Bottom line: When Wall Street smells blood in the water—or in this case, regulatory uncertainty—they don’t send flowers. They file paperwork. (And probably short the SEC’s credibility while they’re at it.)

TLDR

  • Canary Capital has filed an S-1 with the SEC to launch a staked Cronos ETF.
  • The Cronos ETF will track the spot price of CRO and include staking rewards.
  • Crypto.com Custody Trust Company will serve as the custodian for the fund’s assets.
  • The staked CRO will be locked for 28 days during the mandatory unbonding period.
  • The SEC recently clarified that most staking activities do not violate securities laws.

Canary Capital has filed an S-1 registration statement for its proposed Cronos ETF with the SEC. The fund aims to offer exposure to the spot price of Cronos (CRO) while generating staking rewards.
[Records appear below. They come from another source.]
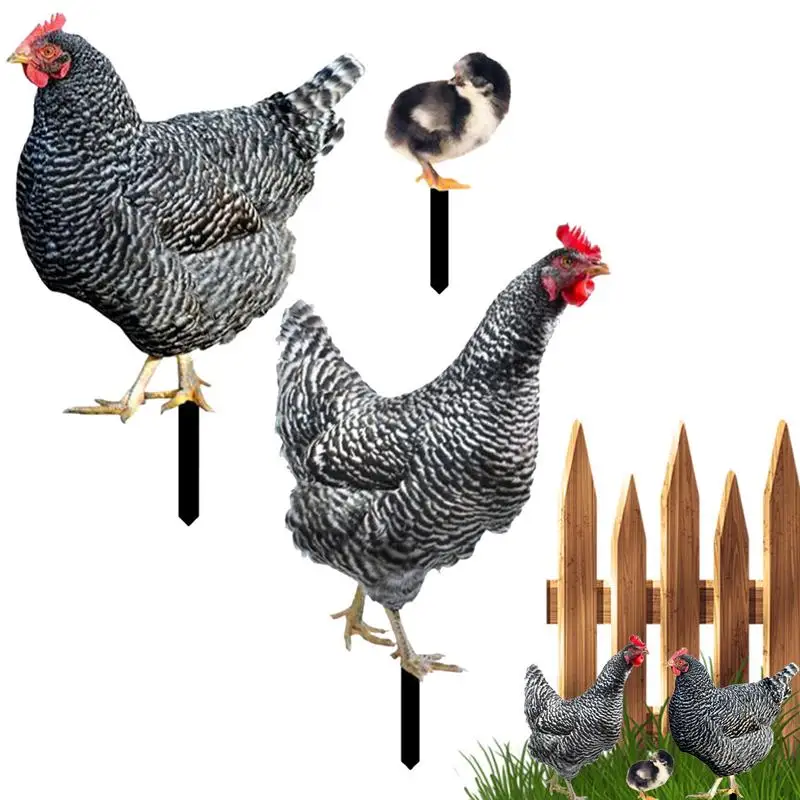Metal Chicken Yard Stakes Metal Hen And Chicks Garden Stakes 3X Weather-Resistant Iron Hen Chicks Spikes For Landscape Easter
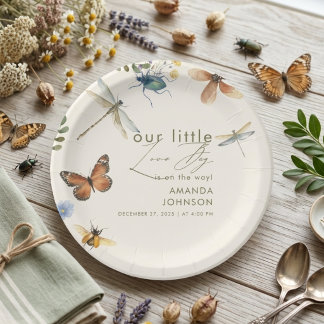 Boho Liefdesbug Insecten Libelle baby shower Papieren Bordje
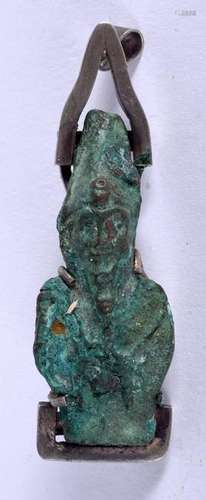 AN EGYPTIAN BRONZE FAIENCE AMULET BROOCH. 5 cm x 2.75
This filing follows the recent registration of a Delaware trust and signals active movement toward crypto-linked ETF offerings.

Cronos ETF to Combine Spot Exposure and Staking Rewards

The proposed Cronos ETF will track the spot price of Cronos and earn staking yields through trusted infrastructure providers. All CRO assets held by the trust will be custodied by Foris DAX Trust Company, operating as Crypto.com Custody Trust Company. The staked CRO will be subject to a 28-day unbonding period during which it remains locked and inaccessible.
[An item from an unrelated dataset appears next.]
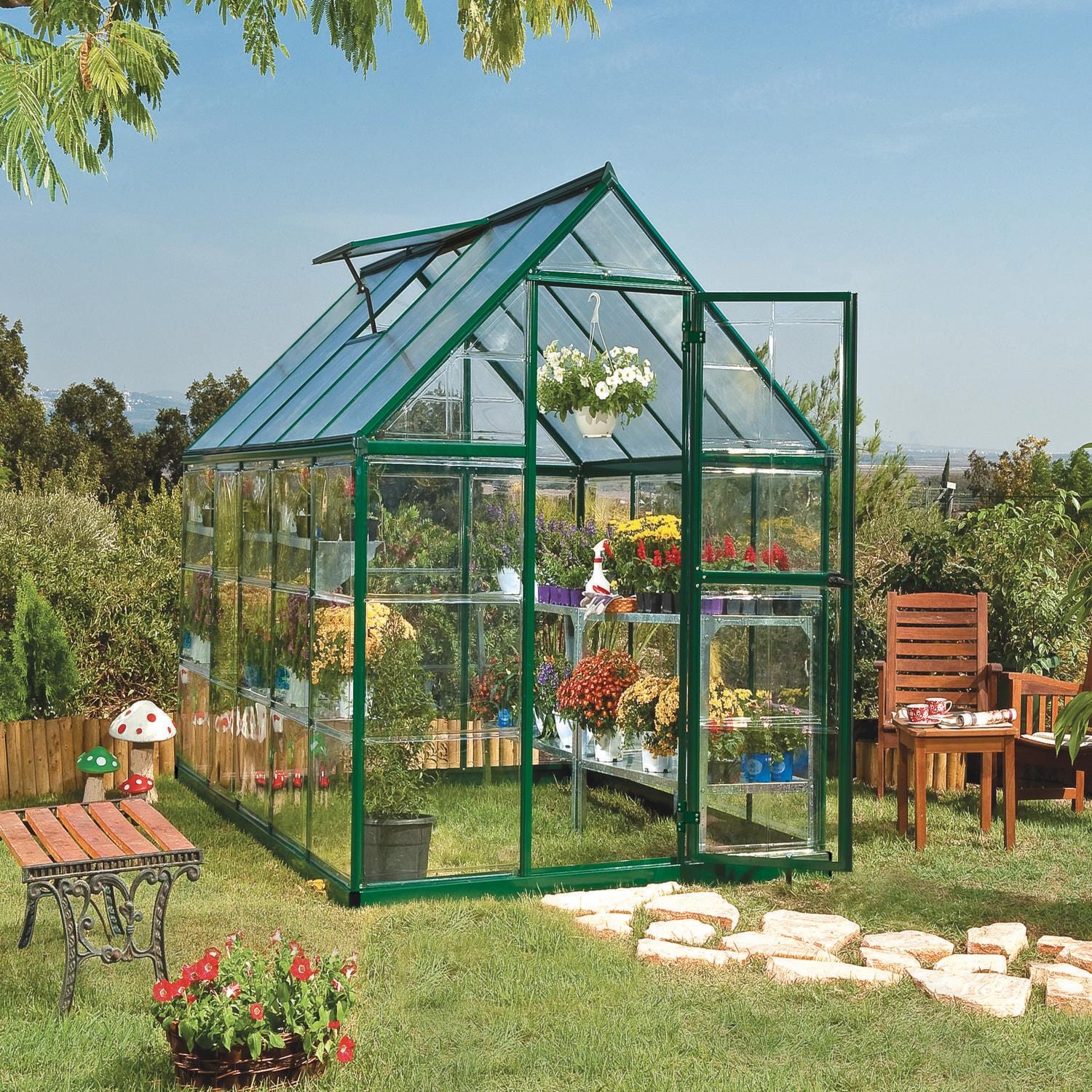 Palram - Canopia Greenhouses Palram - Canopia | Hybrid 6x10 Ft Greenhouse - Green HG5510G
Canary Capital has not disclosed the unified annual management fee for the Cronos ETF. The fund’s ticker symbol also remains undisclosed pending final regulatory approval. However, the firm plans to list it on a national securities exchange once approved.

If approved by the SEC, this WOULD be the first spot Cronos ETF in the United States. The product targets retail and institutional participants and forms part of Crypto.com’s broader 2025 platform expansion strategy, which includes new token offerings and the development of a native stablecoin.

New ETF to Support Broader Digital Asset Integration

Canary Capital aims to expand access to crypto through regulated investment vehicles such as the Cronos ETF. Combining staking mechanisms with ETF structures may improve capital efficiency and yield generation. This approach could increase exposure to proof-of-stake tokens in traditional finance channels.

The SEC’s ongoing openness toward staking could support timely approval of the Cronos ETF and similar products. While details about the ETF’s performance benchmarks remain limited, the integration of staking indicates a hybrid yield strategy. As a result, the ETF may offer returns beyond spot price appreciation.

Crypto.com’s President, Eric Anziani, said the development represents a strong step toward enabling broader market access to CRO. He emphasized the growing alignment between digital assets and conventional financial products. Crypto.com also supports Canary Capital’s fund with custody and staking infrastructure.

Additional Staking-Enabled ETFs Planned by Canary Capital

Canary Capital is also pursuing registration of other staking-based funds beyond the Cronos ETF. These include the Staked TRX ETF and the Staked SEI ETF, each designed to track respective token prices with staking rewards. The firm’s expanded ETF lineup reflects a focus on combining token exposure and on-chain income strategies.

These ETFs will follow a similar model, using regulated custodians and verified node operators to secure staked assets. As stated in SEC filings, each asset will undergo a defined lock-up period as part of the staking process. No tickers or fee structures have been announced for these additional funds.

The SEC clarified that most staking activities do not meet the definition of securities offerings under current laws. This statement could positively influence the approval timeline for Canary’s ETFs, including the Cronos ETF.